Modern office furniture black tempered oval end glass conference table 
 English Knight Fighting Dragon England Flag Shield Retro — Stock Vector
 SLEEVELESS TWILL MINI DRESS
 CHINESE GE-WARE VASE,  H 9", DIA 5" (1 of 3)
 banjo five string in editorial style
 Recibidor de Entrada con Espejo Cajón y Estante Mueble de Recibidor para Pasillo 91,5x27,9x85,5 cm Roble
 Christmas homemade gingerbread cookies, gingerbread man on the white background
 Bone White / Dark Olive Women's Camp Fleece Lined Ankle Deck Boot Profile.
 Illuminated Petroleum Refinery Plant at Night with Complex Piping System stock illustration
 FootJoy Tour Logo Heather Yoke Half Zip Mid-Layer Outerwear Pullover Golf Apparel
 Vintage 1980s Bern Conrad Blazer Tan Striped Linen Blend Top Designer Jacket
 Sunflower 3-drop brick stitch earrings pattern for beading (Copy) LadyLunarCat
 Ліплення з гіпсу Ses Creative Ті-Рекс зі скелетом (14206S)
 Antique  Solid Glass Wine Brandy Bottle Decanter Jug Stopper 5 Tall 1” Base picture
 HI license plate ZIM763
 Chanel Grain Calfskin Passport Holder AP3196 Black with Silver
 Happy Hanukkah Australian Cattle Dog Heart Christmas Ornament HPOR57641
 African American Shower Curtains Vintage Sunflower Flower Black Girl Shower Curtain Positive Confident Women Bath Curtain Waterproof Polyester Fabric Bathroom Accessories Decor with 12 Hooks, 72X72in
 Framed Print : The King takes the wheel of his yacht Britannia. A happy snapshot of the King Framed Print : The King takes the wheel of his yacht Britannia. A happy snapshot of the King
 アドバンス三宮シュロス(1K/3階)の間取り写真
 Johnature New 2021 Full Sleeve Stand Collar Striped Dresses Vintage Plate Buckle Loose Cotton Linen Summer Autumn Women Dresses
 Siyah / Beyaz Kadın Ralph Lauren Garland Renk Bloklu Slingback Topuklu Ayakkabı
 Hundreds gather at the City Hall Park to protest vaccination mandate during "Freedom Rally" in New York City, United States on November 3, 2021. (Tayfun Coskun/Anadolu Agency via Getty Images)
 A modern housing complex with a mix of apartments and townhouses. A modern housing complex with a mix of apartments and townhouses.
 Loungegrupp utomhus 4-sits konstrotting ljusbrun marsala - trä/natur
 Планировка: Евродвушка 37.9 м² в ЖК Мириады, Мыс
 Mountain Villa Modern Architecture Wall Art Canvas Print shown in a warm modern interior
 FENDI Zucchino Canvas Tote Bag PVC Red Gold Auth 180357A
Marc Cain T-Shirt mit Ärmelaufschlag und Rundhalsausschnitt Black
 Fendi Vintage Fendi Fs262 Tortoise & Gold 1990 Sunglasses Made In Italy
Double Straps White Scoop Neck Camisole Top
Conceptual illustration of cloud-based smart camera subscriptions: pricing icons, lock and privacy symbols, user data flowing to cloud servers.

◆ **Exercise objective**: In the listing above, find the line containing "the King Framed" and the line containing "Johnature New 2021", then retype both and every line between them exactly, with nothing else.

◆ **Reply to the exercise**:
 Framed Print : The King takes the wheel of his yacht Britannia. A happy snapshot of the King Framed Print : The King takes the wheel of his yacht Britannia. A happy snapshot of the King
 アドバンス三宮シュロス(1K/3階)の間取り写真
 Johnature New 2021 Full Sleeve Stand Collar Striped Dresses Vintage Plate Buckle Loose Cotton Linen Summer Autumn Women Dresses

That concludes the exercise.